Serpentine
Page 58
By her telling, she was the daughter of a multimillionaire Virginia family whose fortune was rooted in tobacco, horses, and land. Her father, a dour man who often slept in his office and rose during the night to study his balance sheets, owned a breeding farm in Virginia, a private island in Maine, an apartment in Manhattan, and a condominium in Key West. Checkers’ mother, a mid-European beauty with a few drops of distantly royal blood in her veins, bore six children between trips to Paris, where she was a valued customer at the salons of haute couture. When Checkers was ten, her parents divorced and she was exiled to a series of private schools. “I was kicked out of six before I was fifteen,” she told Marie-Andrée, proudly.
Checkers claimed to have begun a flourishing career as occasional prostitute at the age of fourteen, working both the locker rooms of her father’s country clubs and the streets of New York. By seventeen, she had funds sufficient for an escape to Europe, where the intent was to reclaim the attention and affection of her mother, then on a fourth marriage, to a wine baron. “My dear mother told me to kiss off,” remembered Checkers, “so I said to hell with everybody. I’ve been on my own ever since and never regretted a minute of it.”
But how did Checkers happen to be a repeating resident of Tihar Prison? “I’m a smuggler, honey,” she told Marie-Andrée.

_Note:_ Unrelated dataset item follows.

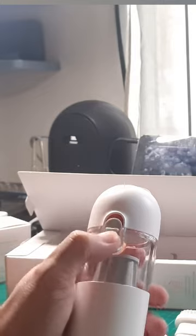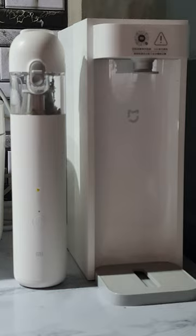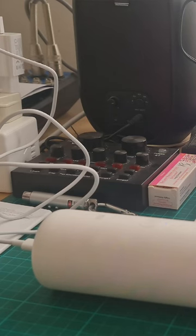This is the Xiaomi Vacuum Cleaner Mini. It's sleek and light. It's portable because it's battery operated. Its battery will last 30 minutes and recharging takes only 1 hour and 30 minutes.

Checkers had been arrested several days before at Delhi Airport with seven kilos of hashish hidden in her brassiere, giving her the appearance of an exceptionally well-endowed stripper, plus a vial of morphine powder, plus a flight bag that contained $30,000 in crisp Canadian hundred-dollar bills. “They took me to the tax office and beat me for five days until they saw it wasn’t going to get them anywhere,” contended Checkers. “So they decided to dump me into Tihar for a while—Tihar, beloved Tihar. I asked if any Western women were around and Marie-Andrée Leclerc was the star attraction.”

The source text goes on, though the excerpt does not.